I wrote about my grandparents in my soci essay in the first module. In NUS. It was the only essay for which I got an A.

Once someone, at some Social Work workshop, I think, was teaching about “safe place”, that everyone needs that place in our lives where we can feel safe. He told us to think of a time, one time when we feel the most safe, comforted. I thought, and the thing that came to my mind wasn’t my mom, it wasn’t even my dad, it was my grandmother. There was a time when I was little, I was staying over at her house, I was sleeping in her room with her. Her room in that old house smelled of medicated oil. She was afraid of the cold, so she didn’t even on the fan. But she could tell I was hot, and there she was in the middle of the night, fanning me with one of her straw fans, to make me cooler. She was trying to get me to go to sleep, and she said this, “zhud zhud ook, zhud zhud ook”, something like that, it meant to tell me to sleep tightly, something like that. That was my most secured childhood memory. A couple of years ago, the last time she came to my place during Chinese New Year, I told her that. That I remembered that memory. She was sitting on a sofa in the corner of the sitting room, so quietly, while everyone else was in the middle near the television, making lots of noise. It suddenly came to me that my grandparents, who were the centre of the family, were kind of fading away. They used to be the ones in the centre, talking and having authority, but now it was like they were too tired, too old to do this anymore.

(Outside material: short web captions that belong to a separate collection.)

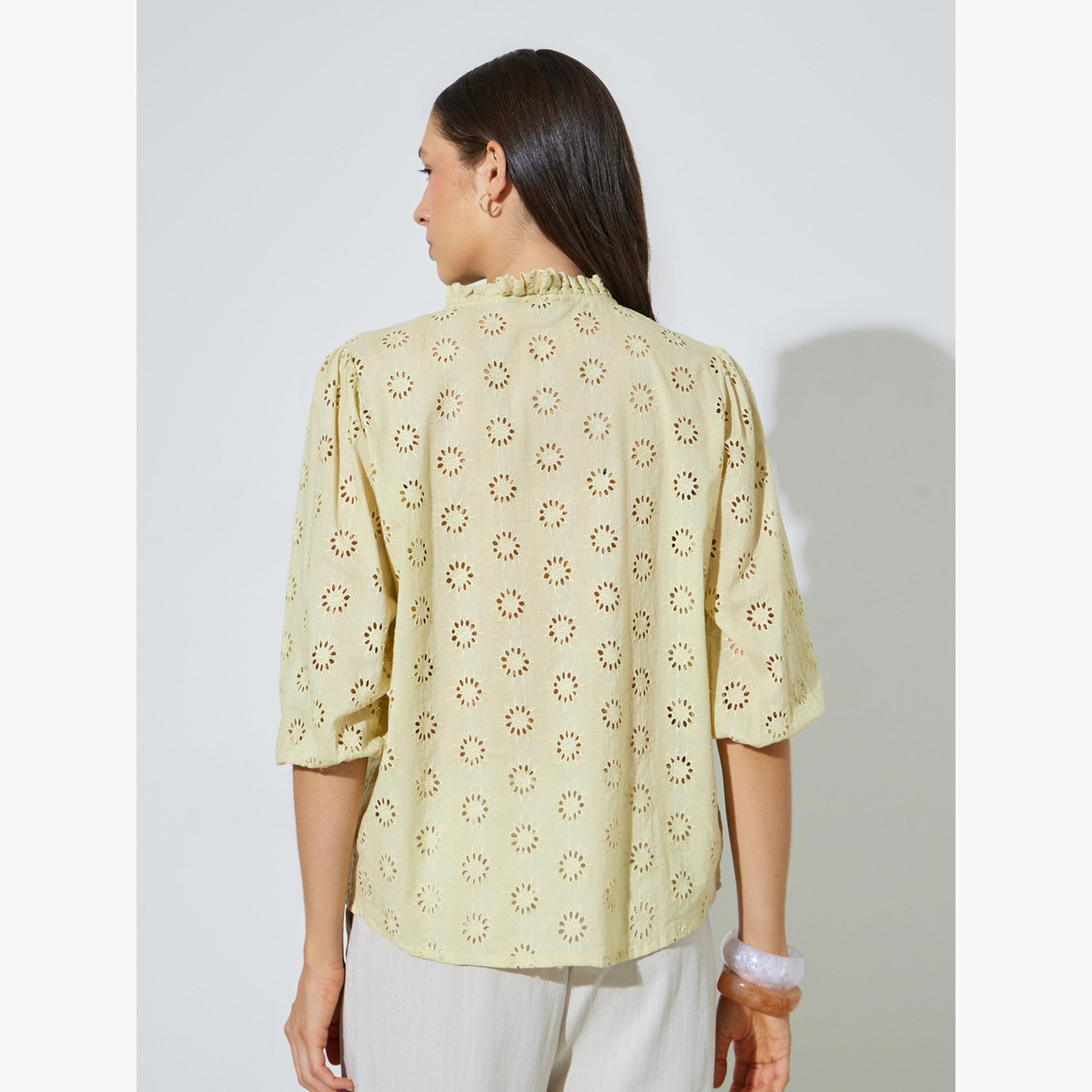 Styli Yellow Schiffli Eyelet Cotton Blouse-women-clothing-shirtsandblouses-blouses-image-4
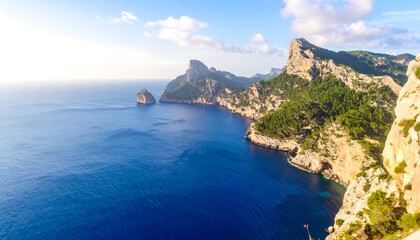 Coastal landscape with blue sea and rocky cliffs under a bright sky with scattered clouds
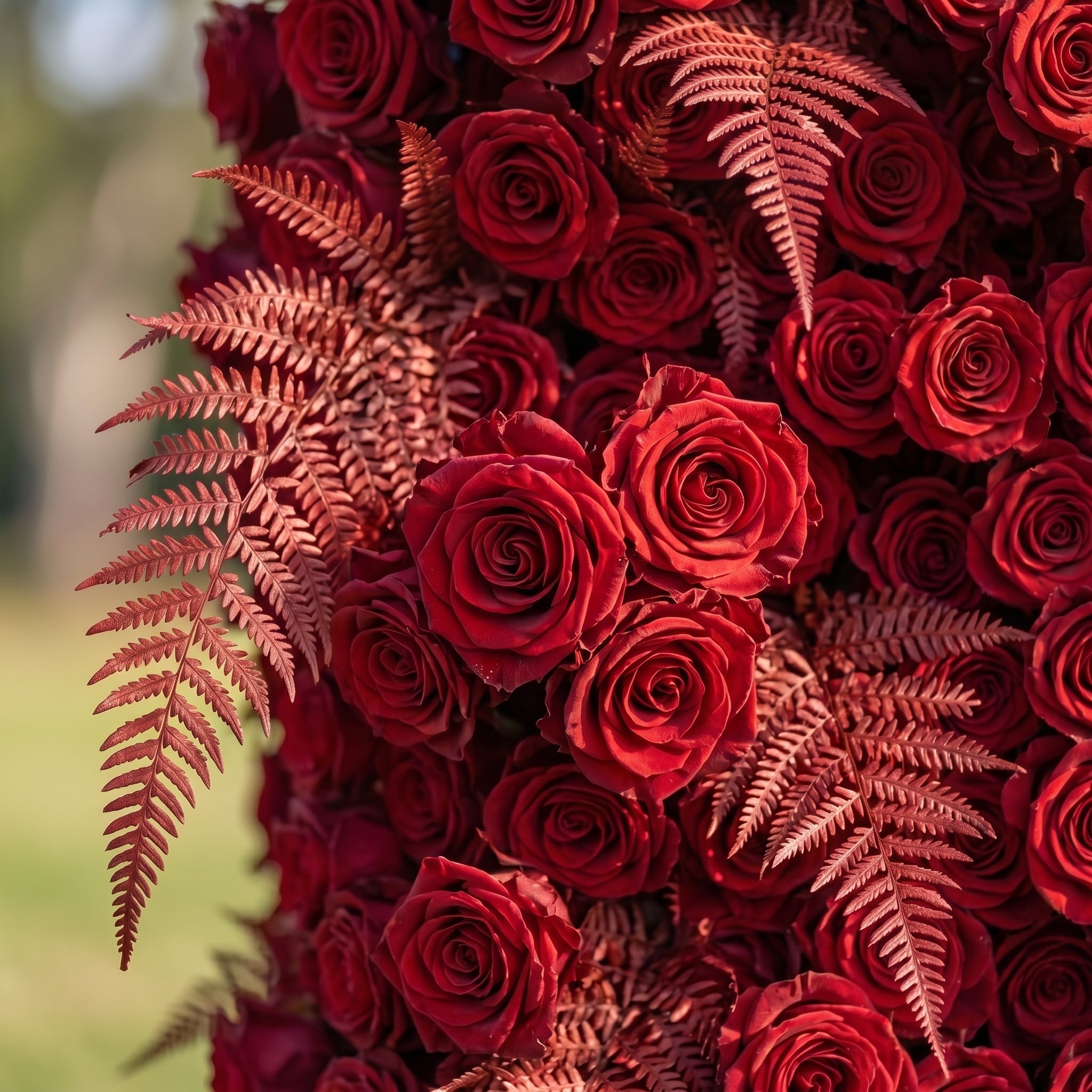 Flora 3D Red Flower Wall Fabric Artificial Zip Up Curtain Flower Wall For Wedding and Events Decoration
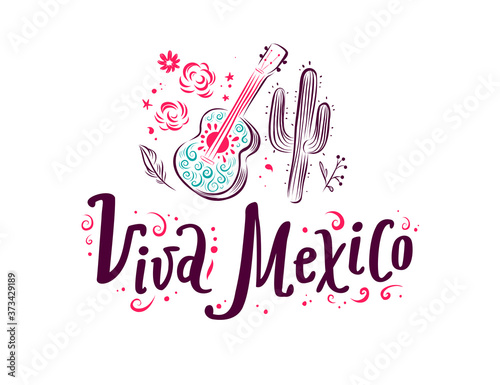 Vector illustration with traditional party decor elements, viva Mexico lettering flowers, guitar, cactus isolated on white background. For card, poster, sticker, emblem. Vintage hand drawn style.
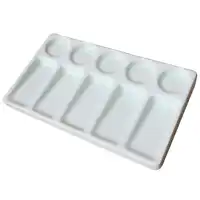 10-Well Rectangular Shape Porcelain Palette Ceramic Watercolor Leak Proof Painting Palette (White)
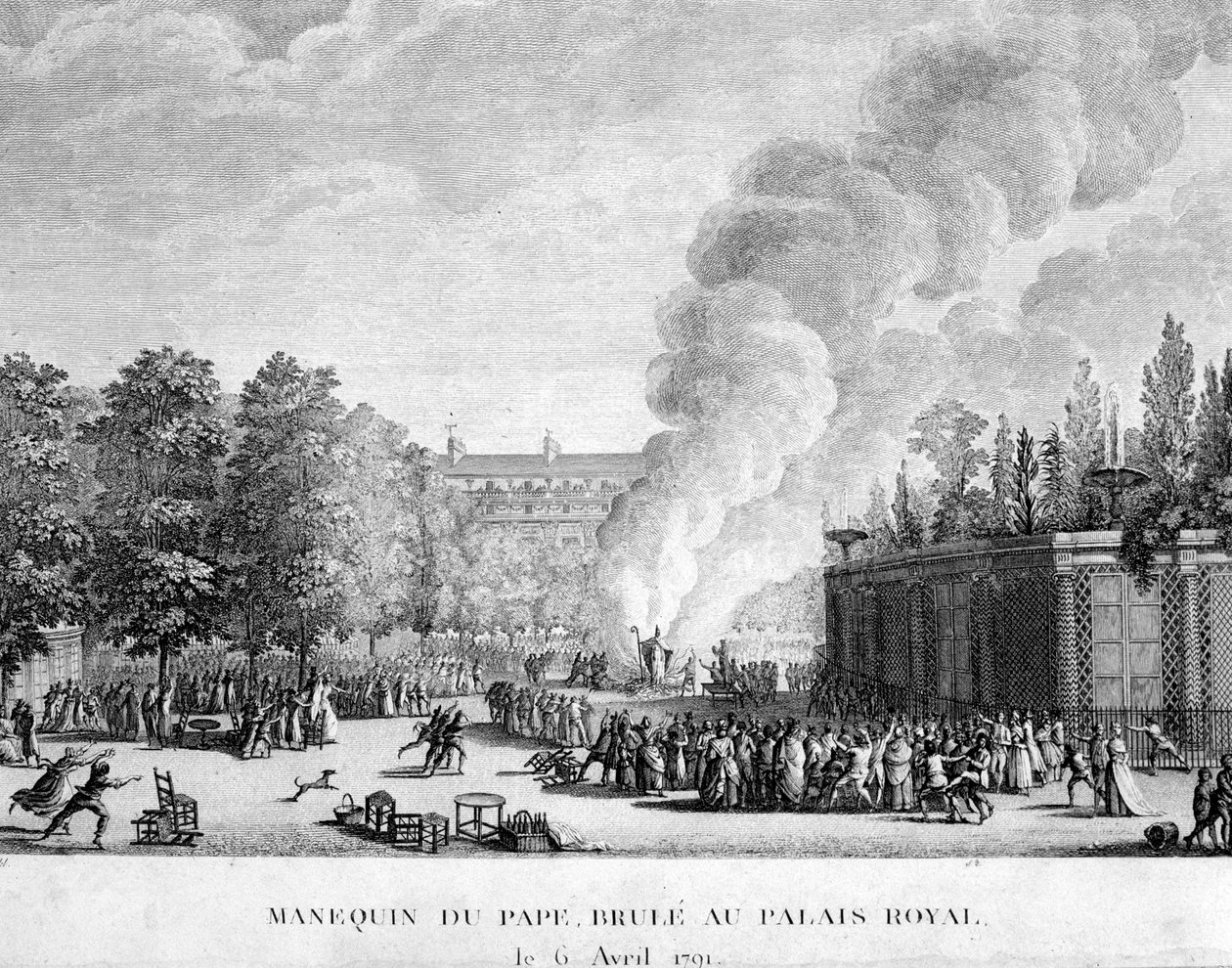 Modell des Papstes verbrannt im Königspalast, 6. April von French School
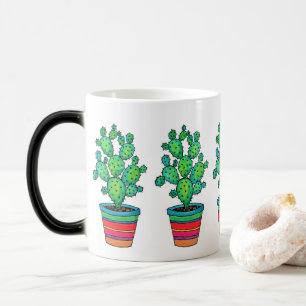Caneca Mágica Cacto lindo da aguarela no pote bonito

Their sons were the ones talking loudly, making decisions, while they sat by quietly. My granddad was tired and had gone to sleep in my sis’s room. Watching her sit there reminded me of that song learnt in Hokkien service, the one with “yeo-ah-yeo” in it. The one about no matter how the wind and rain blows, the Lord still holds us so we won’t shake. That’s the song I really wanted to sing to her then, but I couldn’t. Or couldn’t make myself. That I can’t sing to her anymore. All I could do was tell her about my memory. I think that was the closest I came to telling her I loved her. By the time I went to the hospital that week she died, I wasn’t sure she could hear me anymore. With all those stoic people around, I couldn’t make myself say anything anyway, except keep calling her name.

When Chinese New Year comes, I listen to those songs on the street, they remind me of her.